Originally posted Saturday, July 13, 2019 by RODNEY HOfirstname.lastname@example.org on his AJC Radio & TV Talk blog
CBS46 (WGCL-TV) and Dish Network are in a dispute over carriage fees that has gone public and could cause the station to be dropped for metro Atlanta subscribers Monday, July 15 at 7 p.m.
Dish pays CBS46 to gain access to the channel’s news and entertainment options, including summer programming such as “Big Brother,” “Love Island,” “The Code” and “60 Minutes.”
Dish, which has about 12 million subscribers nationwide, does not release localized subscriber figures.
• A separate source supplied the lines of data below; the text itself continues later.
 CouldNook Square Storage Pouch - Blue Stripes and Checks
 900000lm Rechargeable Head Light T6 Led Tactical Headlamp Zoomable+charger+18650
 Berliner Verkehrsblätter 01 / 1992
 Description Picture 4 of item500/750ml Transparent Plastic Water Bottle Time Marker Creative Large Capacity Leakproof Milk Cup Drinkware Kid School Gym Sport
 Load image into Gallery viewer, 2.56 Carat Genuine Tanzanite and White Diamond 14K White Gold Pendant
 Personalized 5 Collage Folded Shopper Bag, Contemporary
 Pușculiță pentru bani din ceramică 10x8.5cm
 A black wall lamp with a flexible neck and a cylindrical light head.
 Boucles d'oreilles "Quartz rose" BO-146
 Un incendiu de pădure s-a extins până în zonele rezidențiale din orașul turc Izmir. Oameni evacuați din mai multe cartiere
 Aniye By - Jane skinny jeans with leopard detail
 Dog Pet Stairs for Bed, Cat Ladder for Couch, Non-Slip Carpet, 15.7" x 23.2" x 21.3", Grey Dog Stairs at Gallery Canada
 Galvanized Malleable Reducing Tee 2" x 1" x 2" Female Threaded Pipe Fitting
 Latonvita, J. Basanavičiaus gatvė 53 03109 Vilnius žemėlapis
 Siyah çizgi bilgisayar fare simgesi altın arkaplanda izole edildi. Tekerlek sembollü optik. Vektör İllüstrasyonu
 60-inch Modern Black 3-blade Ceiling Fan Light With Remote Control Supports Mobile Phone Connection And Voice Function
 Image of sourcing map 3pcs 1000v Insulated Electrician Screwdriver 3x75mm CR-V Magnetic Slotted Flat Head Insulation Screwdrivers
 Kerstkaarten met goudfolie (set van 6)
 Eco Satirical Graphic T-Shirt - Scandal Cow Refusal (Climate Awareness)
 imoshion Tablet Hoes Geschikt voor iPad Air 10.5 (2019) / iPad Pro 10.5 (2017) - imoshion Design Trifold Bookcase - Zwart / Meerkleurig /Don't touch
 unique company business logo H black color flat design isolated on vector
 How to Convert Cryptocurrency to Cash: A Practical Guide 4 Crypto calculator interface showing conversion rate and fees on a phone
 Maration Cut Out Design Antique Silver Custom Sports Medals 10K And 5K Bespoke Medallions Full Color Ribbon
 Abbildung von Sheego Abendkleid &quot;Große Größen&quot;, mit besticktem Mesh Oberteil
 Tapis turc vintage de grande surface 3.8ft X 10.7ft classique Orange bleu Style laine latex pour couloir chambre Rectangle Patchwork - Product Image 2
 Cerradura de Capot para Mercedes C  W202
But if extrapolated based on metro Atlanta’s size vs. the entire country (1.8%), that would equal about 216,000 affected households.
The channel would still be available using a standard digital antenna for free or via subscriptions via other cable or satellite systems such as Xfinity, Spectrum or DirecTV/U-Verse.
As is typical in these situations, each side blames the other for intransigence.
Lyle Banks, general manager for CBS46, released this statement Friday:
“WGCL-TV has been trying for months to get DISH Network to negotiate seriously. Reaching a deal and preventing a blackout is our top priority. We know the vital local news, emergency information, and top-rated sports and entertainment programming we provide are important to DISH’s customers, and we hope DISH will make it a priority to reach a deal too. If you are a DISH customer, you can help by calling DISH and telling them you want WGCL-TV.”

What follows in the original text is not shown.